⟨
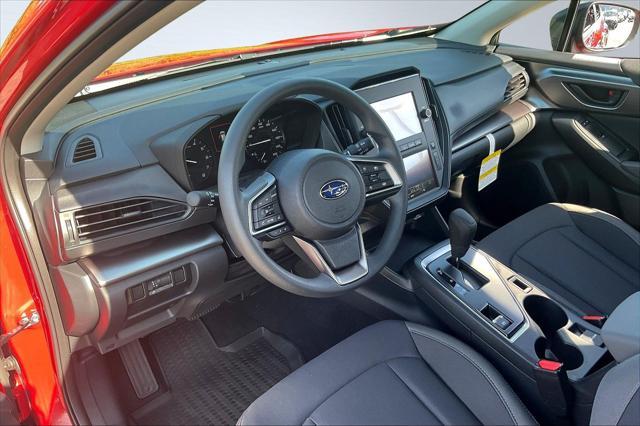new 2025 Subaru Impreza car, priced at $26,595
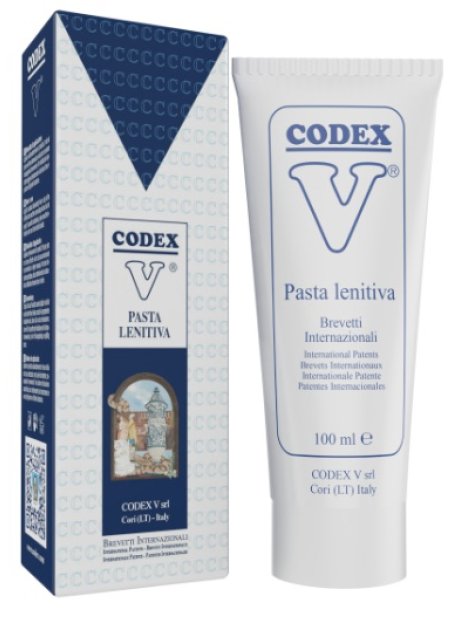 V  -PASTA LENITIVA 100ML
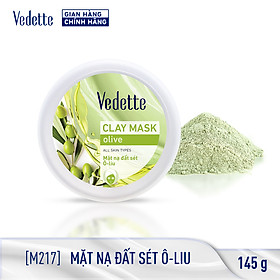 Hình ảnh Mặt nạ đất sét Olive Vedette 145g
⟩
Without the pictures, retype the whole of the material above exactly.

Solution:
new 2025 Subaru Impreza car, priced at $26,595
 V  -PASTA LENITIVA 100ML
 Hình ảnh Mặt nạ đất sét Olive Vedette 145g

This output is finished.